Devotées of the Our Gang films usually are admirers, too, of the films of Stanley Laurel and Oliver “Babe” Hardy, whose most enduring films also originated on the Roach lot. For observers who have remarked on a resemblance between Hardy and the preschool-age Spanky, McFarland offered this:

“I was aware of Laurel & Hardy, but of course our shooting sets were apart from their shooting sets, and while they put in an occasional on-screen or promotional appearance with the Gang [in 1933’s “Wild Poses,” for example] there wasn’t any real crossover influence that I know of. Apart from all the Roach pictures’ having a recognizable style, I mean.

“But coincidentally, Babe Hardy was a master of the double-take reaction, and so was I, instinctively, as a little kid, and my directors would encourage that. Hal Roach had the best double-take comics in the business — Babe Hardy, temperamental Jimmy Finlayson, cross-eyed Ben Turpin, blustery Irishman Edgar Kennedy, high-strung Charley Chase, and even my fellow Our Gang players, Jackie Cooper and Stymie [Matthew] Beard. But there was something of a greater resemblance between me and Oliver Hardy.

“And so the studio was quick to notice the similarities in style between me and Hardy, and there was even a short-lived attempt to develop a new comedy series with a family setting, kind of a situation comedy before there was any such of a word as sitcom. This was about 1934, at a time when Stan Laurel was having a contractual dispute with Hal Roach over salary and his, I mean Stanley’s, ambitions to become a producer as opposed to just a comedian. And this new series, it seems, would’ve starred Babe Hardy, with me as his son and Patsy Kelly as his wife.

“But then, Stan Laurel smoothed things over with Hal Roach, and Laurel & Hardy got back on track and carried on. I carried on with the Gang, and that was the end of that.

“And yes, I’ve noted the comparisons between me and Babe Hardy. The fact that we’re both a little round must have had something to do with all that.’

In 1992, while working with the USA Film Festival at Dallas, I helped to arrange a meeting between Spanky McFarland and Hal Roach when that eminénce grisé of Old Hollywood came to Texas for a career-retrospective event in honor of his hundredth birthday. The encounter proved cordial if stilted, for although both men remembered one another fondly they hardly had been chums during the heyday of the Our Gang pictures.

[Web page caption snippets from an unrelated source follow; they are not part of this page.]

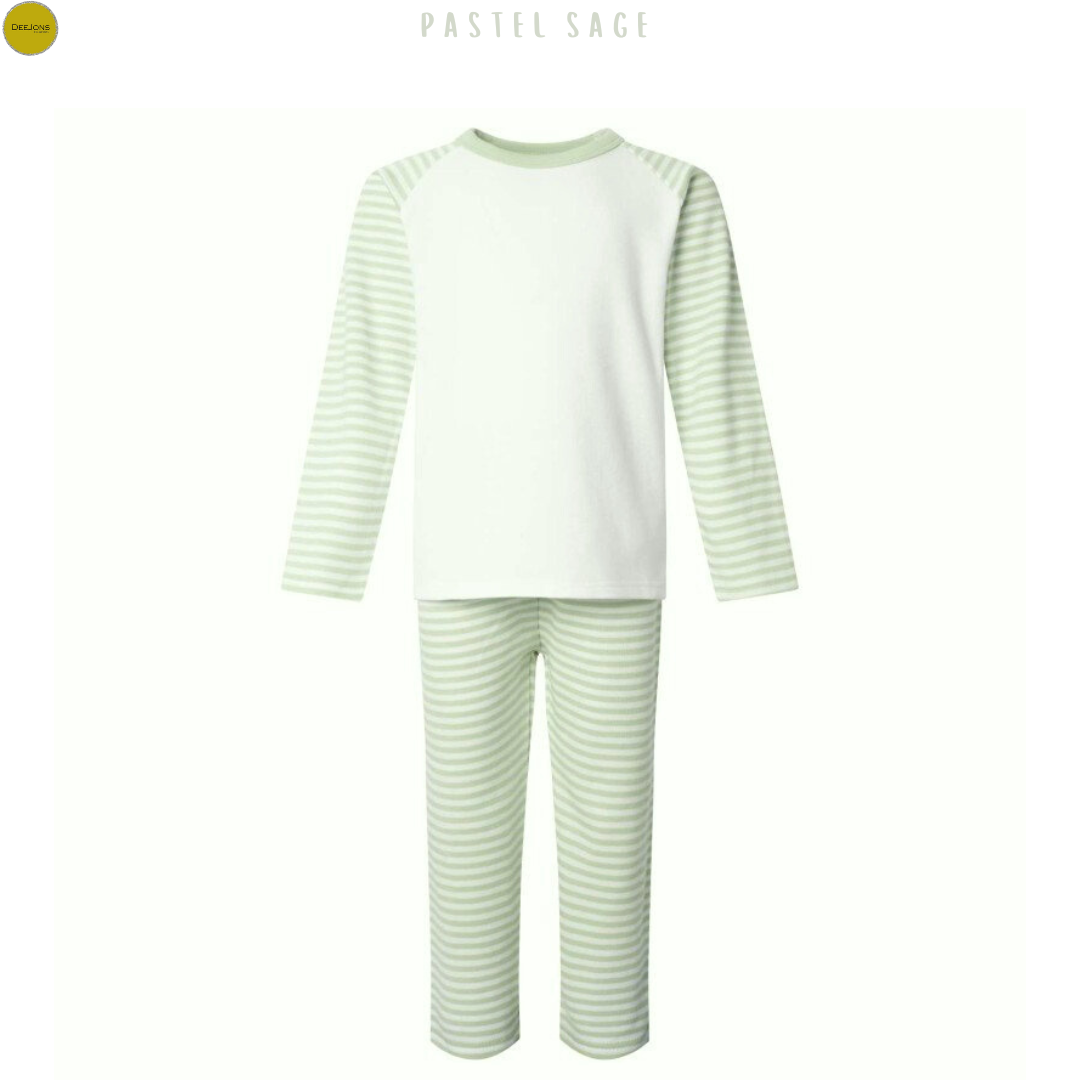 Pastel Stripe Long Raglan Sleeve Pyjama Set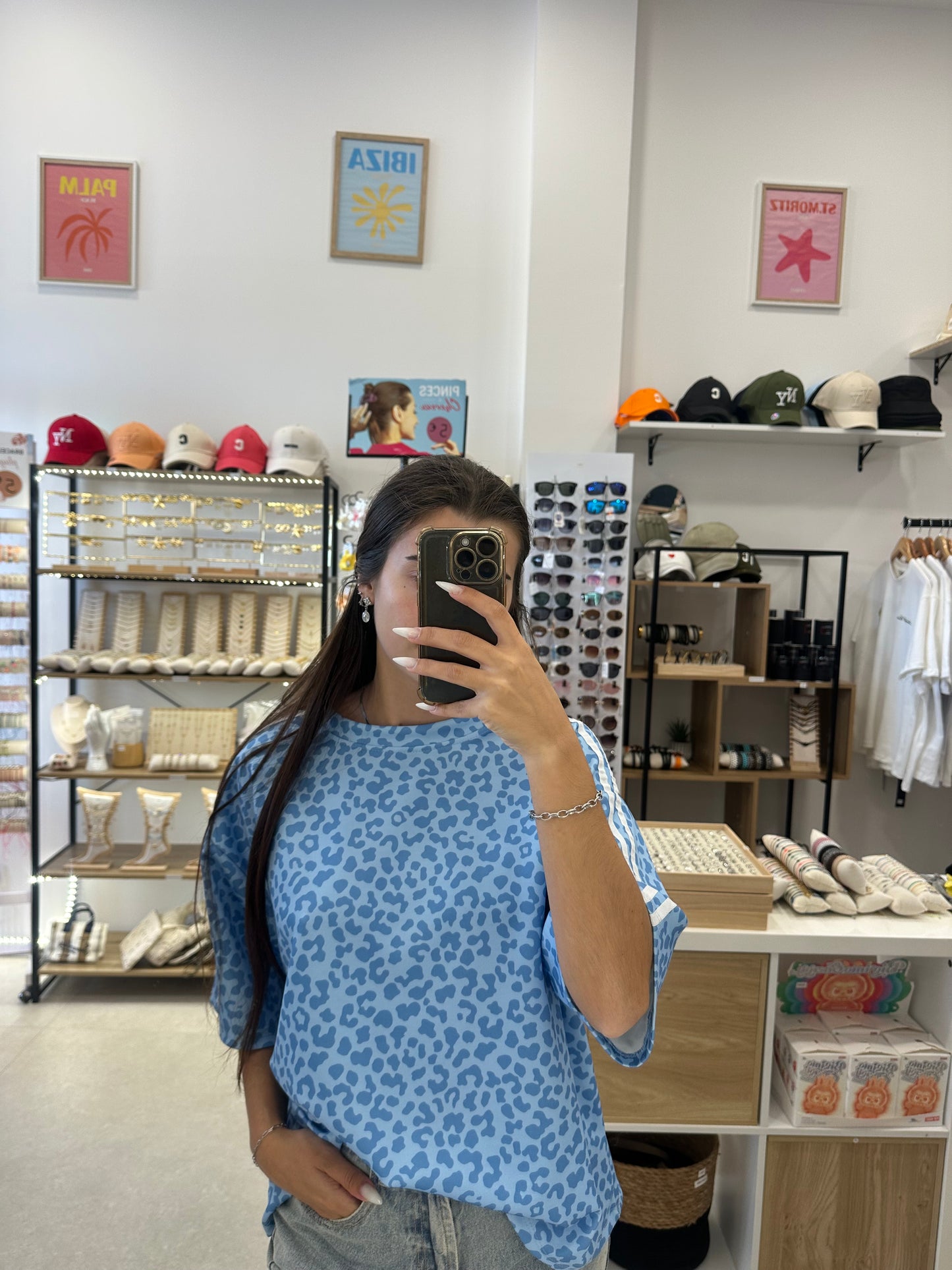 Ensemble tee shirt et pantalon léopard bleu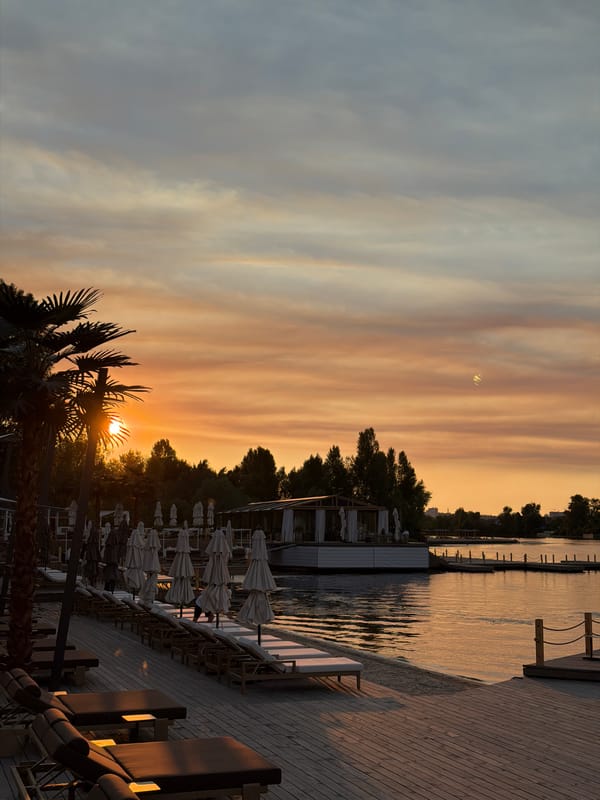 Golden hour at a Kyiv waterside hangout spot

“Kind of a token summit meeting, I guess you could call it,” McFarland reflected later. “Mr. Roach always had been kind of a distant figure of authority, as far as we kids were concerned — not really even any kind of father-figure. He was the Big Businessman who ran the studio, and we were the commodities. But it was nice to see him again, for the one last time.”

Roach died not long after he had passed that century-mark. Spanky McFarland died, unexpectedly, the following year.

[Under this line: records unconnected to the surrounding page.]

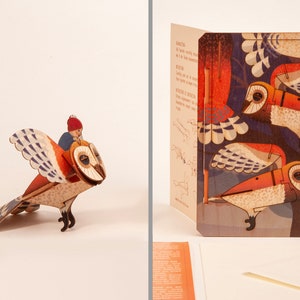 Eule mit Reiter 3D Deko Grusskarte
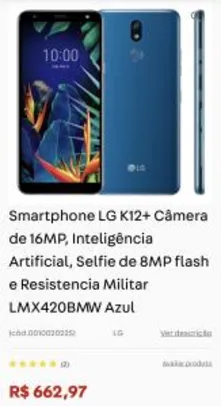 Smartphone LG K12+ Câmera de 16MP, Inteligência Artificial, Selfie de 8MP flash e Resistencia Militar - R$663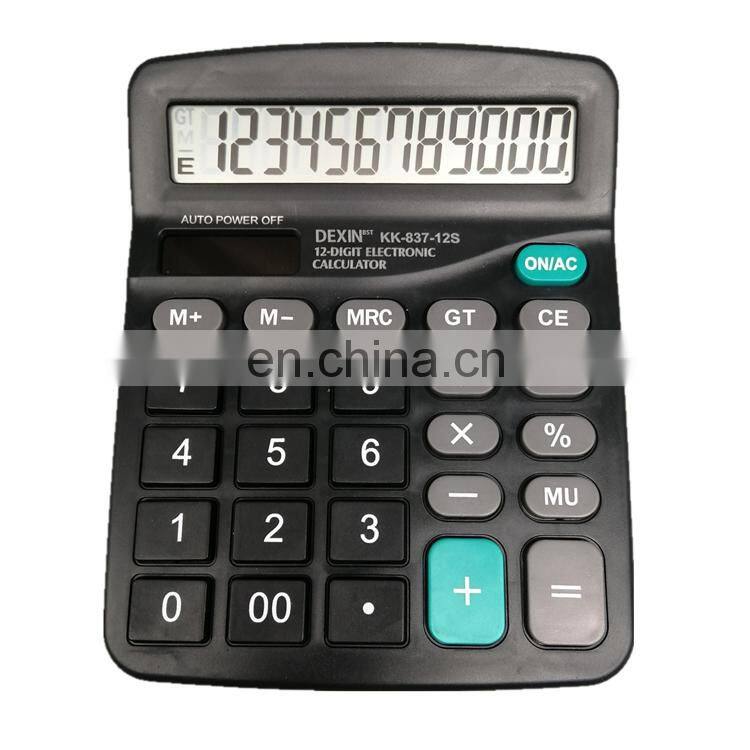 Factory Supply Original Dexin 12 Digit Dual Power Desk Real Solar Energy Cheap Two Power AA Battery Desktop Office Calculator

“George was predisposed to apoplexy,” as a lawyer who had handled McFarland’s frequent outbursts of resentful litigation wrote me after I had published a memorial column. “Always looking for the next thing to get all bent out of shape about, usually involving some hapless entrepreneur trying to cash in on the name Spanky in some way or another. A delightful fellow, in so many ways — but haunted.”

That litigious legacy reasserted itself one last time in 1994, when corporate Hollywood mounted a postmodern Little Rascals film under director Penelope Spheeris. No sooner had the movie been issued than McFarland’s widow, Doris Taulman McFarland, announced a lawsuit on a complaint of misappropriation of the Spanky monicker. The action proved ineffectual, although its last hurrah for George McFarland’s pastime of litigation-with-indignation may have been an end in itself. Nor did the new film or its Spanky-surrogate, a vaguely look-alike kid from Texas named Travis Tedford, do anything to diminish the overriding and age-defiant appeal of the genuine article.